The formation of Ismaili Volunteer Corps in Hunz, Gilgit and Ghizar , in my opinion, immortalized the institution of volunteerism by providing it the organizational structure hitherto unknown. One of the first such groups to be formed in Hunza Valley was the Ismaili Volunteer Corps, Gulmit.
The need for establishing the volunteer corps emerged in 1960 because His Highness the Aga Khan IV, Shah Karim Al – Hussaini, Imam of the Shia Ismaili Muslims, was visiting the region. The volunteer corps were formed to coordinate and manage the preparations for the visit. It was a historic visit because never before had any Ismaili Imam visited the region.
The Ismailis of Hunza, Ghizar and Gilgit traditionally celebrate the first visit of their Imam to the region by holding festivals across the region from October 20 to October 26.
A recent ceremony held in this connection at Gulmit, the head quarter of Gojal Tehsil, was dedicated to the pioneers of Ismaili volunteer Corps. Speakers paid glowing tributes to the men and women who sacrificed physically and materially for common well being and established a strong social institution that has played an important in regional progress.
Many of the founding members are not alive today but their services were remembered with reverence and tokens of appreciation were awarded to their family members. Former office bearers of the Ismaili Volunteer Corps Gulmit were also presented with certificates as a token of appreciation.
For the Ismaili Muslims volunteerism is more than community participation and collective progress. It is an element of their faith.
Princess Zahra, daughter of His Highness the Aga Khan, in an address at the International Association for Volunteer Efforts (IAVE), 1998, explained volunteerism as means for actualization of the Islamic ethics of ” inclusiveness, of compassion, of sharing, of the respect for life, and of personal responsibility for sustaining a healthy physical, social and cultural environment.”
In her address Princess Zahra also counted “generosity of material resources, of time, of thought and knowledge” as fundamental aspects of the Islamic concept of volunteerism.

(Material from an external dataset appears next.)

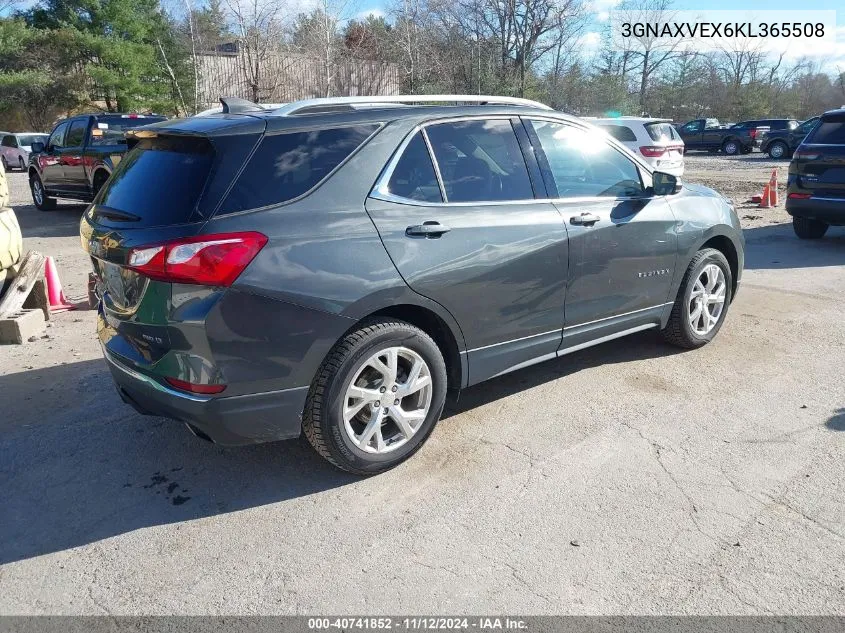 2019 Chevrolet Equinox Lt VIN: 3GNAXVEX6KL365508 Lot: 40741852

Princess Zahra had further said that appreciating and acknowledging volunteery services increases the level of efficiency and satisfaction obtained from work. “When volunteers are taken seriously,” said Princess Zahra, “the quality of their contribution and their own sense of satisfaction literally soar.”
In this scenario the appreciation ceremony provided an opportunity to the people to thank and praise the volunteers for a job well done and a life well spent.